### WHAT YOU WILL DO
Below are records; the lines starting at the one with "You can sign" and ending at the one with "Hello everyone, back" must be reproduced exactly, both included. Pictures must not appear.

### EXTRACTED MATERIAL
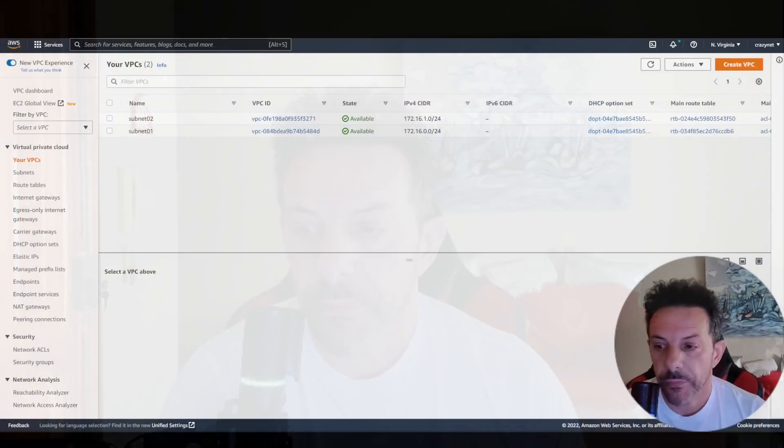Good morning! Today we are going to see how to build a VPN site-to-site between Palo Alto and AWS. So it's very easy.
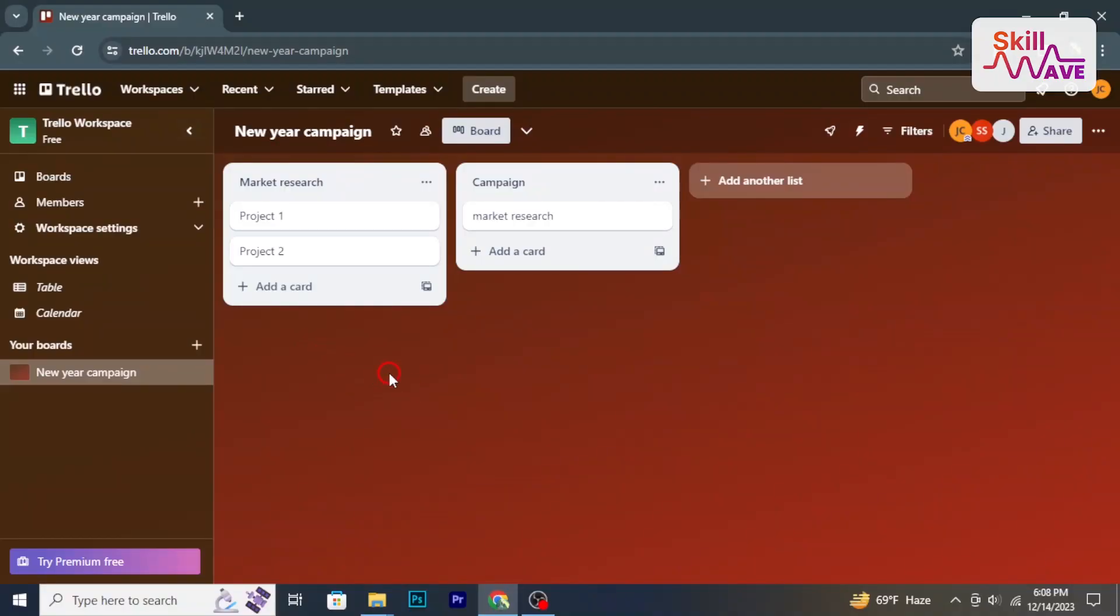At first, open Trello and navigate to the board for which you want to change ownership.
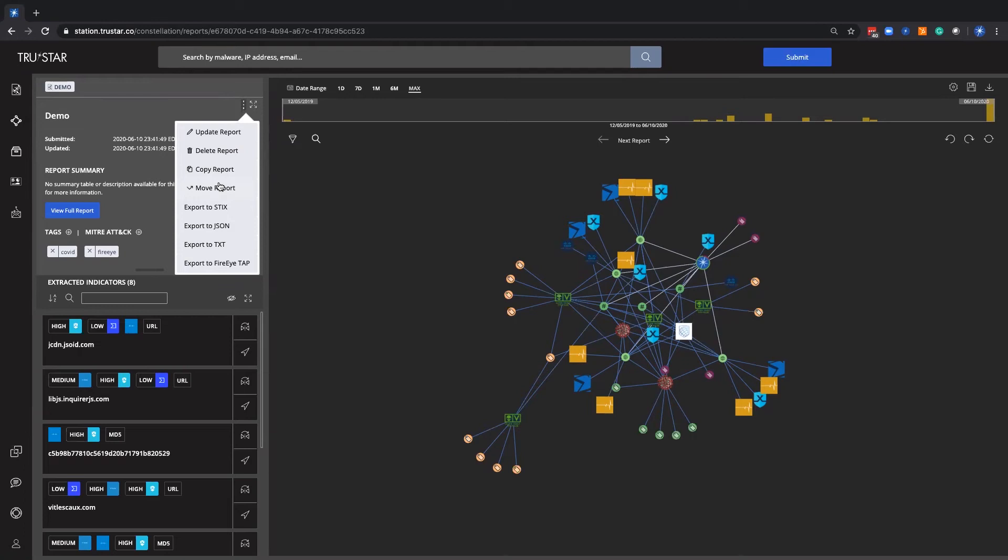So essentially there'll be two different reports. The move report function is going to move it out of their enclave and put it into the ITISAC enclave, so now there'll only be one report with the move feature.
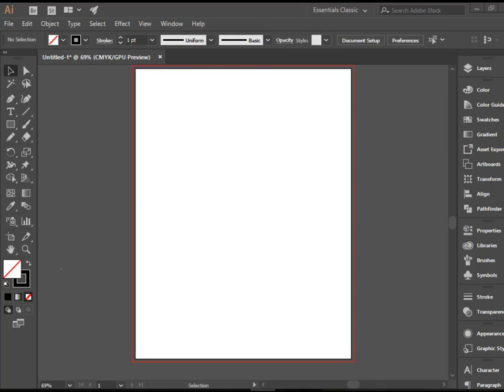Hello everyone. In this video I'm going to show you how to work with the freehand drawing tools in Adobe Illustrator. The first tool we're going to talk about is the pencil tool.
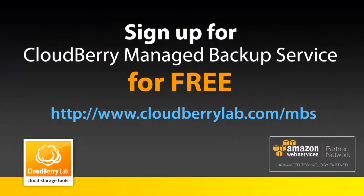You can sign up for CloudBerry Managed Backup Service for free right now at cloudberrylab.com/mbs.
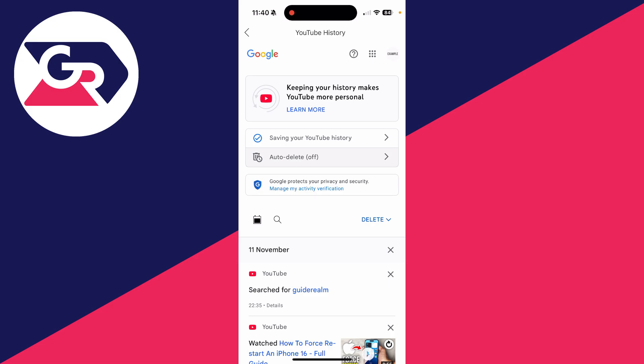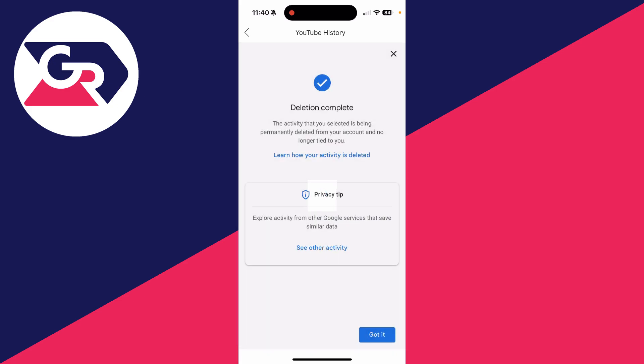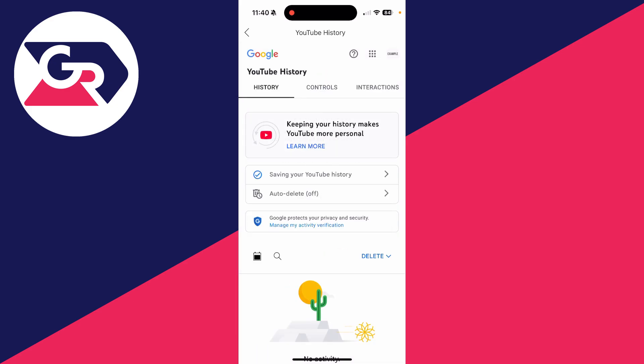To delete your history, click 'Delete' and select 'All time'. Then press 'Delete' in the bottom right to confirm.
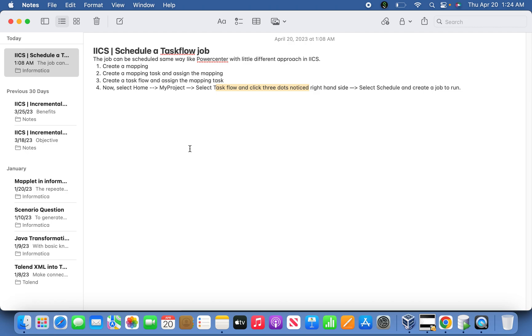Hi friends, today we are going to discuss scheduling a TaskFlow job. This is almost similar to scheduling a job in Workflow Manager in PowerCenter, but it's a slightly different approach in IICS how we are going to implement it today.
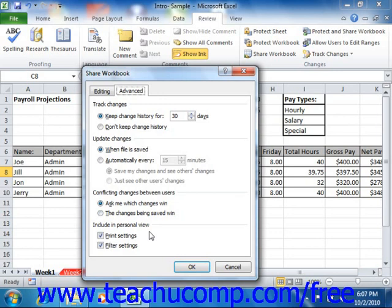You can check the Print Settings and Filter Settings checkboxes to include those in the default view if you wish. When you finish specifying share options, click OK in the Share Workbook dialog box.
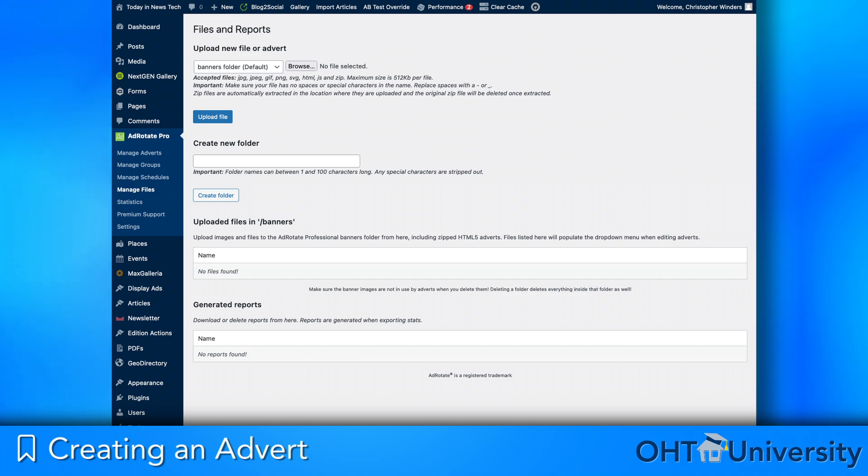To upload assets directly to AdRotate Pro, click on the Manage Files submenu. Here you can create folders, upload single, multiple, or even zip archives of ad assets.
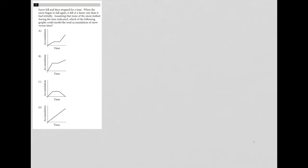This question says snow fell and then stopped for a time. When the snow began to fall again, it fell at a faster rate than it had initially. Assuming that none of the snow melted during the time indicated, which of the following graphs could model the total accumulation of snow versus time?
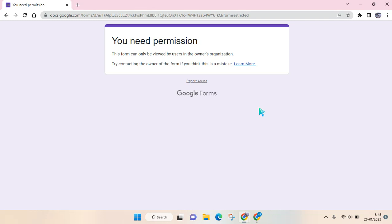Hello everyone, back with me again in this channel. In this video I'm going to show you how you can fix the Google Form need permissions problem.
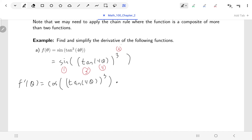Next, we work on the next layer of function, which is the cubing. For cubing, the power comes down and the power gets reduced by one. Everybody inside the cubing function stays as it is, so tangent of four theta stays as tangent of four theta for now.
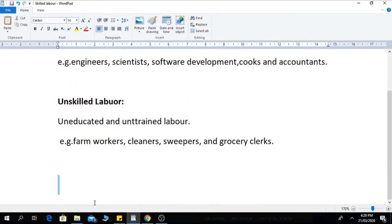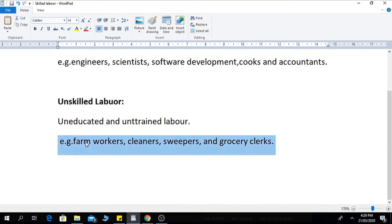The examples of unskilled laborers are farm workers, cleaners, sweepers, and grocery clerks. Thanks for watching this video. If you like this video, subscribe to this channel and share with others.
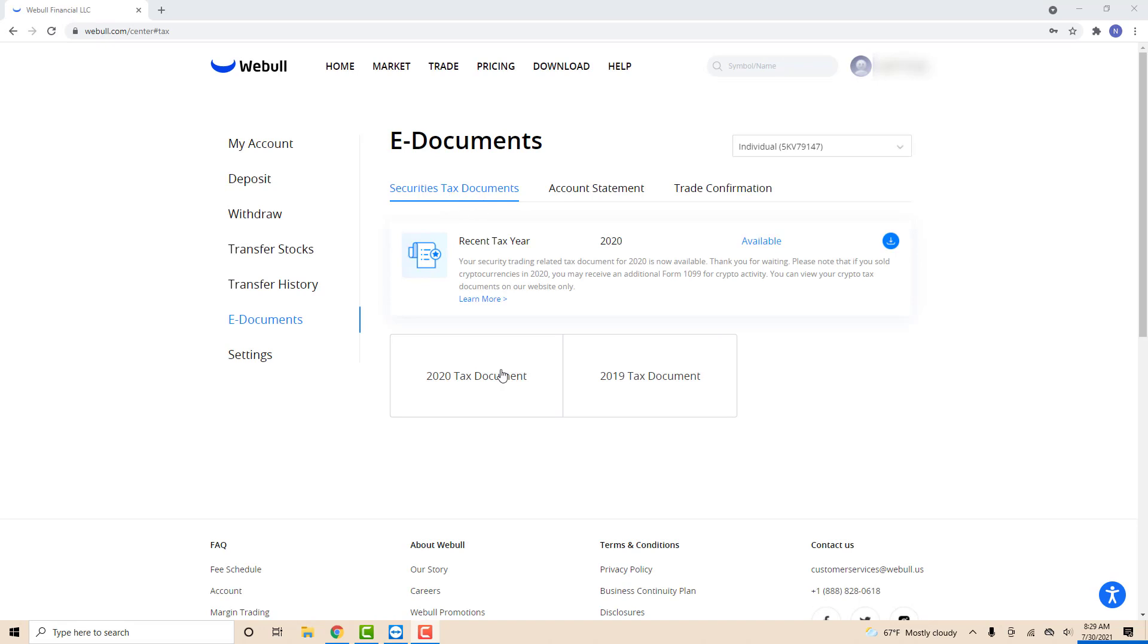In this example, I have two available tax documents which are 2020 tax document and 2019 tax document. I chose to download the 2020 tax document.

### OUTPUT FOR THIS EXERCISE
You can sign up for CloudBerry Managed Backup Service for free right now at cloudberrylab.com/mbs.
To delete your history, click 'Delete' and select 'All time'. Then press 'Delete' in the bottom right to confirm.
Hi friends, today we are going to discuss scheduling a TaskFlow job. This is almost similar to scheduling a job in Workflow Manager in PowerCenter, but it's a slightly different approach in IICS how we are going to implement it today.
You can check the Print Settings and Filter Settings checkboxes to include those in the default view if you wish. When you finish specifying share options, click OK in the Share Workbook dialog box.
To upload assets directly to AdRotate Pro, click on the Manage Files submenu. Here you can create folders, upload single, multiple, or even zip archives of ad assets.
This question says snow fell and then stopped for a time. When the snow began to fall again, it fell at a faster rate than it had initially. Assuming that none of the snow melted during the time indicated, which of the following graphs could model the total accumulation of snow versus time?
Hello everyone, back with me again in this channel. In this video I'm going to show you how you can fix the Google Form need permissions problem.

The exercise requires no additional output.